Number 1 Major League Stadium and Number 1-A

I am down to my top ranked major league stadium of yesteryear. The suspense is over, and this is very exciting for me. First, a spoiler alert - for people who do not like those who pat themselves on the back, this article is not for you. I have waited 16 mostly excruciating major league stadiums in my countdown to do a little bragging if you will. A quick reminder is necessary - the primary criterion for beauty is how I played in the stadium. Even ugly places seem pretty, when the experience creates attractive daydream memories, with never a nightmare of those places. Even though the external and internal beauty of the remaining stadiums had passed them by, assuming they were once good-looking, my memories of them are heavenly because I played splendidly in them.

There has been one minor glitch, hinted at above as a while ago; I realized I miscounted and have two stadiums left. However, the more I thought of it, the more fate must have taken grip, as both remaining stadiums deserve top billing, and I will make that case below.

Kingdome, Seattle - #1 Ranked Major League Stadium

Kingdome Kingdome

My original thinking had the Kingdome in Seattle, as by far the most stunning place in my career. I know it was kind of ugly and generic, and I believe baseball should be an outdoor game. Natural grass and fresh air, with nature and city surroundings adding to the experience, is baseball. The Kingdome was neither outside nor natural; however, for me, it holds scenic memories, befitting the picturesque city of Seattle itself.

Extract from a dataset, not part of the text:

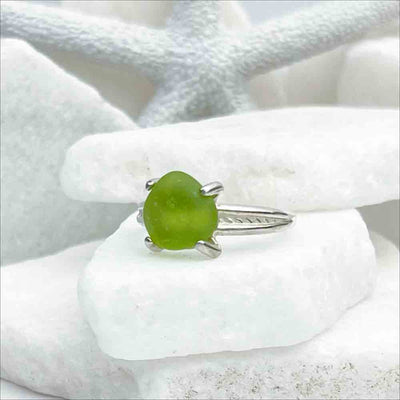 Lime Green Sea Glass Ring in Sterling Silver Decorative Band Size 7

The most charming memory of the Kingdome is that I played most of the Mariner games in 1984, and 1985, which is a huge accomplishment, as performance at that level is always a "what have you done for me lately" proposition for non-star players. Another handsome memory was being part of a new generation of young Mariners. With the likes of Alvin Davis, Mark Langston, Spike Owen, Dave Henderson, and many others, we were setting out to conquer the American League. All other major league teams I played for were veteran teams, which definitely played on my confidence levels, feeling an intimidation from that.

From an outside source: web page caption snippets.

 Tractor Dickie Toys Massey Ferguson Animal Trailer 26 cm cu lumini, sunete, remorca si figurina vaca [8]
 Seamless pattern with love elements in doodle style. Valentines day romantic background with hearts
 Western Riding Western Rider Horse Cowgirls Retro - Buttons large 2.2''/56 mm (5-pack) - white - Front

A very quaint memory came about at the end of a steady season in 1984, when I was in a position to tie or break the Mariner record for hits at 180. I tied the record at 180 on the final day of the season with a double against Tom Seaver, yes the great one. When I look back on my personal major league accomplishments, although few, it is that plate appearance which springs to mind, as if it happened yesterday.

Kingdome, Seattle

Maybe my most appealing major league recollection occurred in the Seattle Kingdome and happened as a non-member, when I returned as a Chicago White Sox to play the Mariners. Before my first at-bat in my first game back in Seattle, I received an enthralling, beyond-the-normal ovation, in appreciation for my time spent with the Mariners. That experience made every sacrifice, practice, sweat, and tears from the time I walked into the next stadium (below) seem worth it.

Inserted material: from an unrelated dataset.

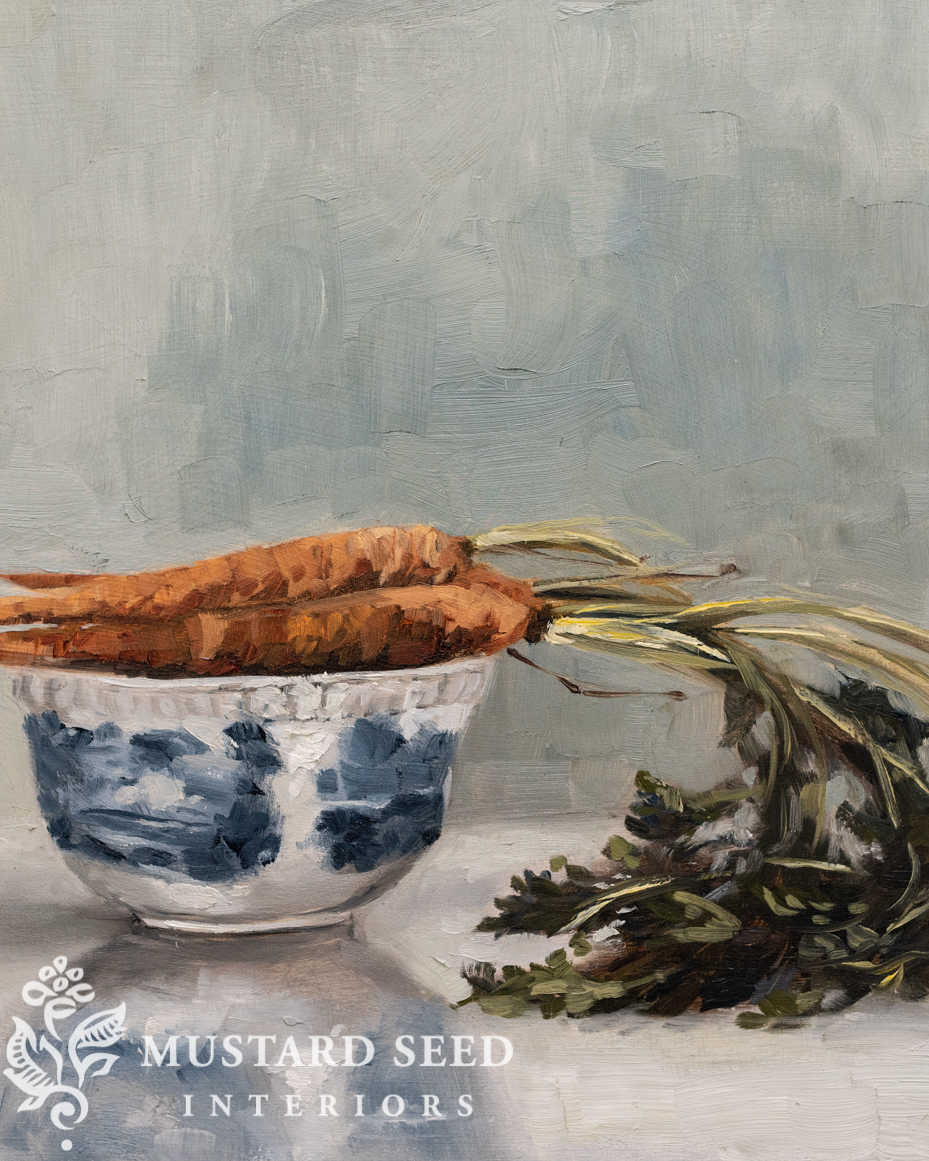 impressionist carrot still life in oils | miss mustard seed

My Mariner days provided the peace of mind that all player's search for, of knowing they truly deserved to be a major league player. My previous big league teams had me wondering and worried that peace may never arrive, but my Mariner days proved I was a capable major league player, even though it proved to be a short-lived.

My proudest days as a major leaguer came in the Kingdome, capped off by having my firstborn, Matthew, on the field with me on family day. It was a sad day for me when they imploded the Seattle Kingdome on March 26, 2000. In my baseball mind, it was the Smithsonian a Perconte' baseball Treasure, and the home of my only two majestic major league home runs.

#1A Ranked Major League Stadium of Yesteryear - Comiskey Park

comiskey park comiskey park

When I was six years old, my dad took me to the Chicago White Sox game at Comiskey Park, the nearest major league stadium from my home in Joliet IL. I believe that is the day my dream of playing in the big leagues began. So impressionable at that age, I remember walking into the game, as an avid Chicago White Sox fan, and leaving it as a devout New York Yankee fan. Yes, the Yanks were that good back in the day, but that is beside the point. To play many years later on the same field as the past and present White Sox greats, and Yankee greats, gives Comiskey Park, or White Sox Park, or Old Comiskey Park, (all the same place), status as co number one on my list of most beautiful stadiums of yesteryear.

Besides having the breathtaking opportunity to play in front of family and hometown friends, along with being a member of the White Sox for a short spell in 1986, my games there were not super memorable, suggesting my play there was mediocre. Ironically, one of my best memories of playing in Comiskey Park was of Tony La Russa, the great White Sox manager and 2014 Hall of Fame inductee, pitching out twice in one at-bat to try to nail me on a steal attempt. Fortunately, I ran neither pitch, but that show of respect for mybase stealingability is a priceless memory for Jack Perconte I told you I would brag in this, so just throwing in a little third person talk at you.

Comiskey Park

Of course, none of those memories is that significant to warrant co-number one most beautiful stadium status. Finding out I hit .303 in Comiskey as a visiting player, which totally surprised me as my recollection was of struggling there, helps, but is not enough to make it number one, either. The following justifies it all. I wore number 42 for the White Sox as a member of the team in 1986. Yes, the same number as a friend and former White Sox great Ron Kittle, but most noteworthy, it was obviously the number - since retired by all of major league baseball - ofJackie Robinson. Having pictures of me wearing "42" in the White Sox uniform so stunning and the icing on the #1 ranking stadium cake.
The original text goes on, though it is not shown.